1) A small tip for all which have an issues with OOBE / updates integration I never used to MSMG for integrating updates (probably that's why I never had any ISO issues with them: OOBE always works fine for me, even with later HARD system apps removing). I'm always keeping calm, waiting for the most rescent ISO version at the torrents (original MSDN with CU updates integrated) and using it as a start point for modifications. This way I NEVER had an issues with OOBE or ANY errors inside MSMG scenarios. None at all. 2) I'm still not sure about how MSMG works with WinSxS, so may be someone will clear this up for me. So, if I'm not working with updates integration, do I need this tweak just from the ISO? (it's OK to switch it later on live system) • Enable DISM Image Cleanup with Full ResetBase ( DisableResetbase = 0 ) Or I shouln't make a cleaning the image in this case? Can leaving WinSxS "as it is" be helpful to avoid a breakage of the installing future offline CU due to removing "important" packages/apps (like Edge, Defender, Store, etc.)? As I know, untouched WinSxS is important for the new PSFX update method since 1809. Or I'm wrong here? For now, let's skip a question about returning of the deleted apps back. First I want to make a modded ISO more healthy and welcome for the future (at least, offline) updates. If possible, of course.

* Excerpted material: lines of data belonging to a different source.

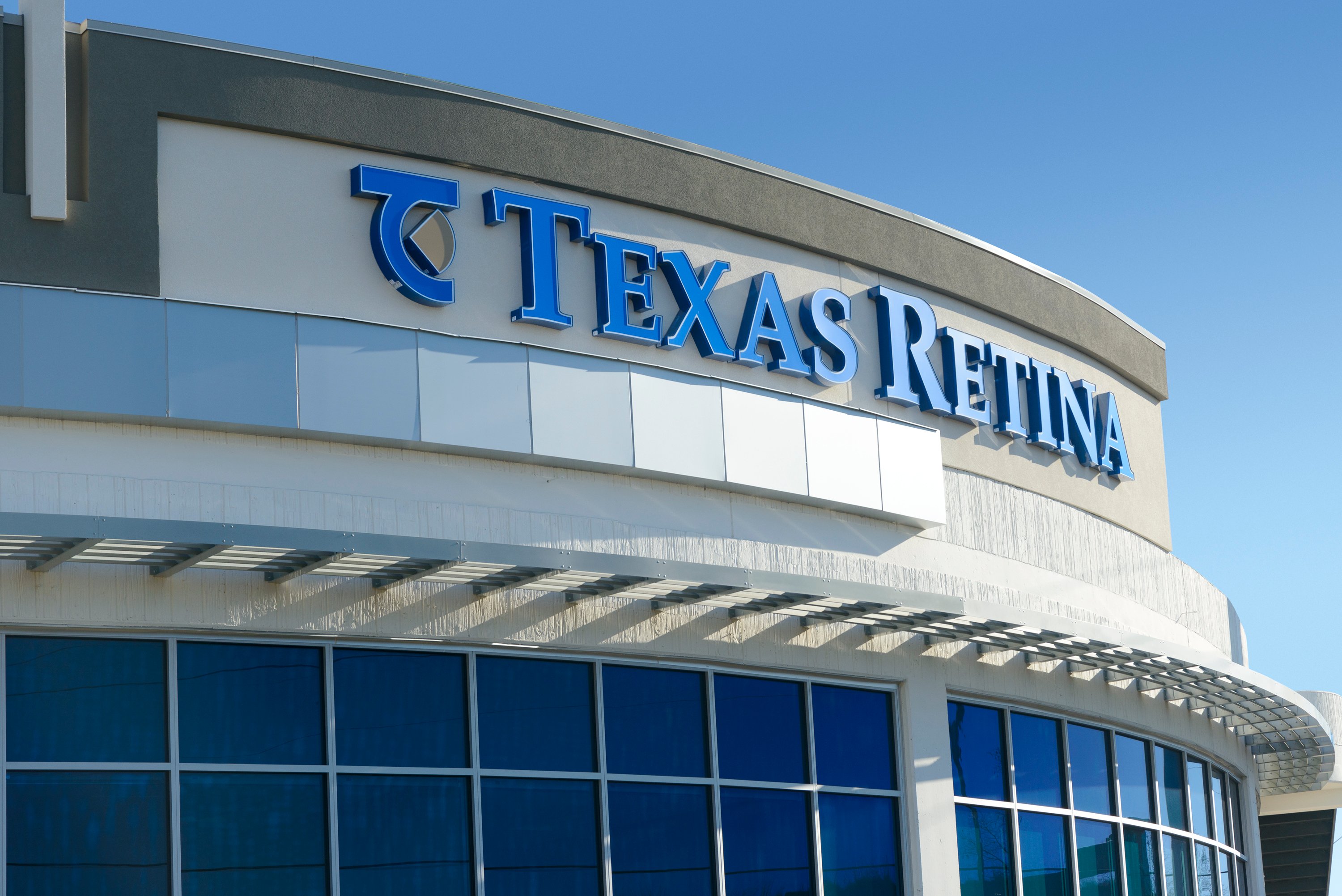 Reina & Associates Dallas, TX Office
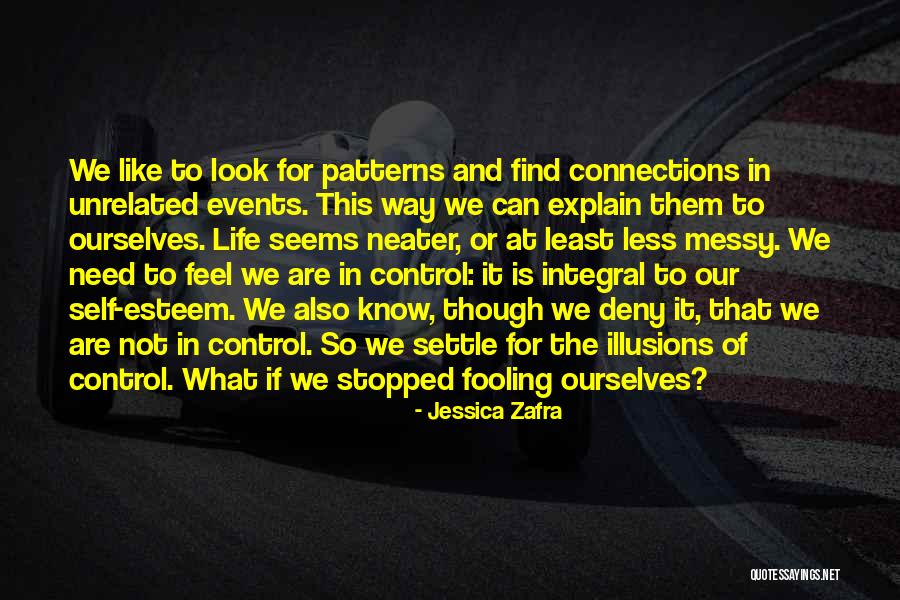 In Illusions Quotes By Jessica Zafra In Illusions Quotes By Jessica Zafra
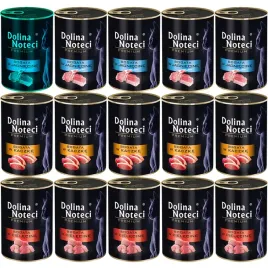 dolina-noteci-premium-bez-ryb-15x400g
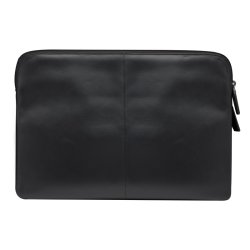 dbramante1928 Skagen Pro+ 35,6 cm (14") Etui Sort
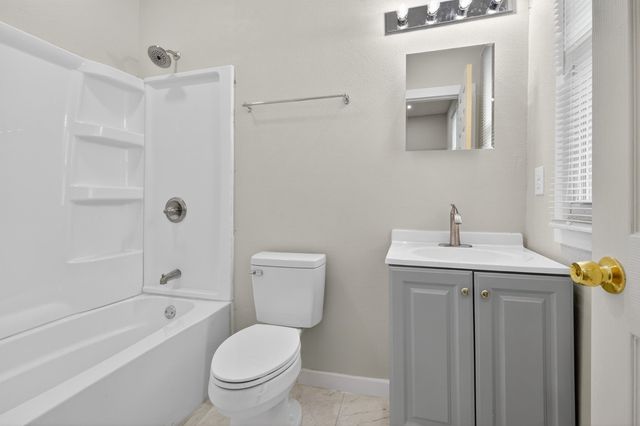 1231 S Topeka Ave, Wichita, KS 67211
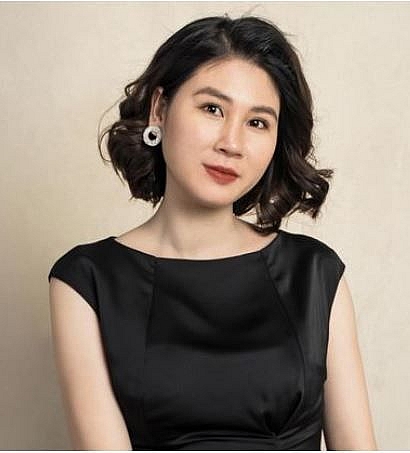 nhung startup viet tieu bieu nhat vua duoc tap chi forbes vinh danh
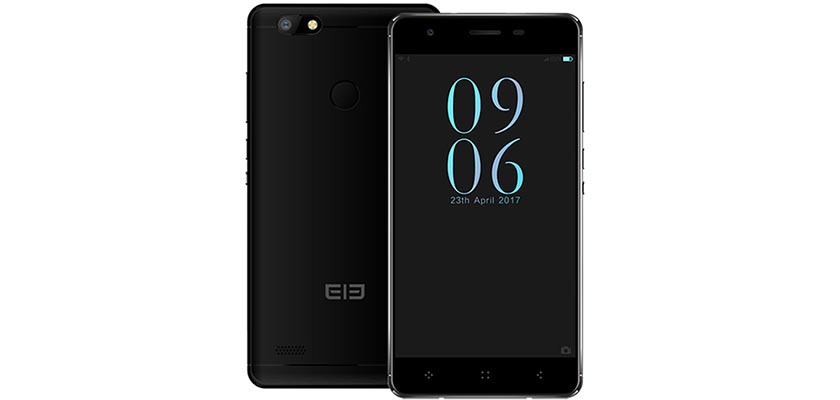 Elephone C1 Mini Price in USA, Washington, New York, Chicago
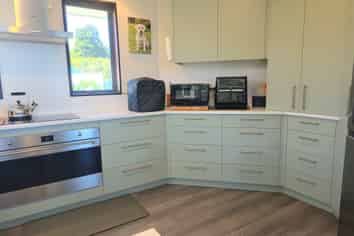 137 Brickfield Road, Seaview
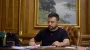 Зеленский ввел пакет санкций против лиц и компаний, связанных с российским ВПК
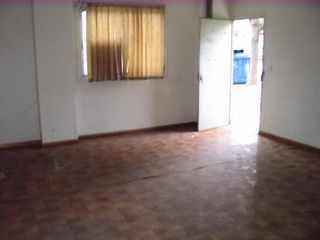 Lloguer Local Comercial  Avenida alcalde gregorio espino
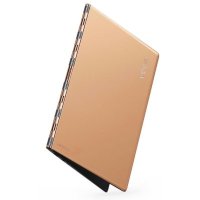 ноутбук Lenovo Yoga 900s-12ISK 80ML005DRK Золотой
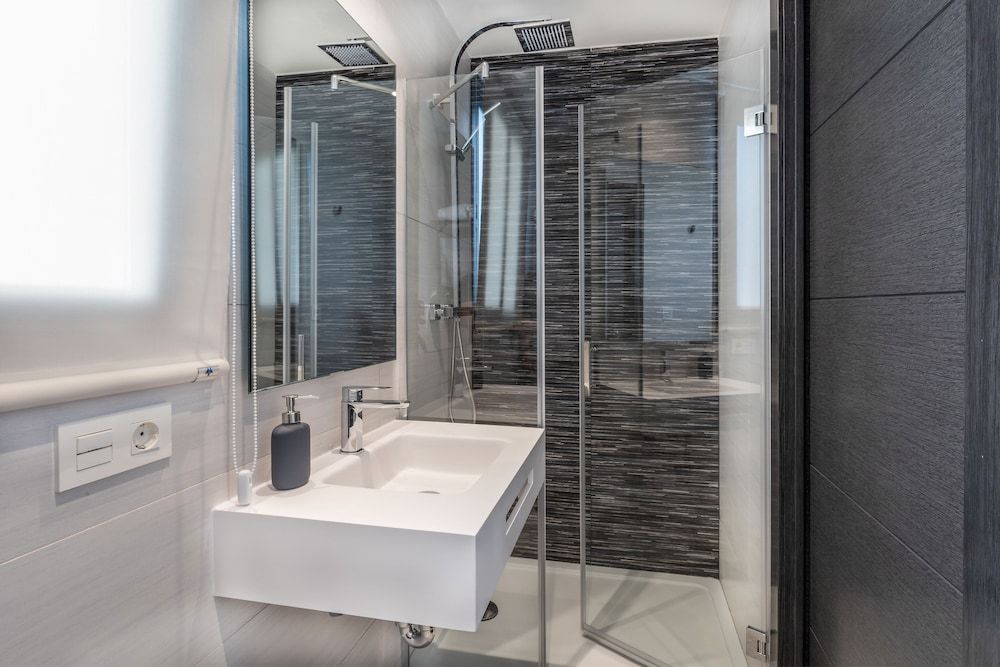 Slow Suites Setas Deluxe Apartment, 2 Bedrooms 9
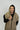 The Iglu Khaki Wearable Sleeping Bag
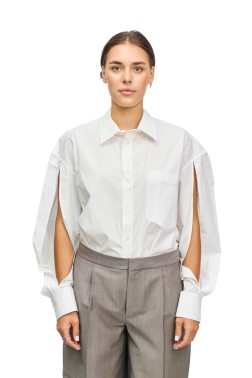 Alexander Wang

Does this tool still work? I doesn't seem to have been updated since 2015, and I keep getting "Unable to open input file" errors.
I agree with you on your point that not integrating updates does not produce OOBE problems or SFC errors. However I found that the first couple of CU updates released from Microsoft can be integrated without issues - perhaps I will again find the same with 20H2? Until the SFC and OOBE issues are fixed, like you I will continue to use the latest ISO that MSMG ToolKit supports. But I will use a trusted ESD source from these forums, not some torrent.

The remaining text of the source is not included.